ACTION ITEM. Using the entries below, transcribe exactly the line containing "LMFAO music vibe, Party" and each line that follows it to the end.

GIVEN DATA.

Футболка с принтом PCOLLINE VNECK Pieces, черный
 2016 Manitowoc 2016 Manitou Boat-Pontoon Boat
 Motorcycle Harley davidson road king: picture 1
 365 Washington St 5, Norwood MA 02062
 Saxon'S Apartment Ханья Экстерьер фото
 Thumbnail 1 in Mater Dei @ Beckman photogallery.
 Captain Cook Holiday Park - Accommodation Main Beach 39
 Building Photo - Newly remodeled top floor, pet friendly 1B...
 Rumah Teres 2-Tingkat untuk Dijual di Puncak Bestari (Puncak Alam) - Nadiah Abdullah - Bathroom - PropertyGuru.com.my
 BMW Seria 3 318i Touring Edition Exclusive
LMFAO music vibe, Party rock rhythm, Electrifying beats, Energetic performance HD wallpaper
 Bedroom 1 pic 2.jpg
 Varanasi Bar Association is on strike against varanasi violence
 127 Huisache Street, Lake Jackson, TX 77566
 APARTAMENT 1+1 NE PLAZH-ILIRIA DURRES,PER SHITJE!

SOLUTION TO THE PROBLEM.
LMFAO music vibe, Party rock rhythm, Electrifying beats, Energetic performance HD wallpaper
 Bedroom 1 pic 2.jpg
 Varanasi Bar Association is on strike against varanasi violence
 127 Huisache Street, Lake Jackson, TX 77566
 APARTAMENT 1+1 NE PLAZH-ILIRIA DURRES,PER SHITJE!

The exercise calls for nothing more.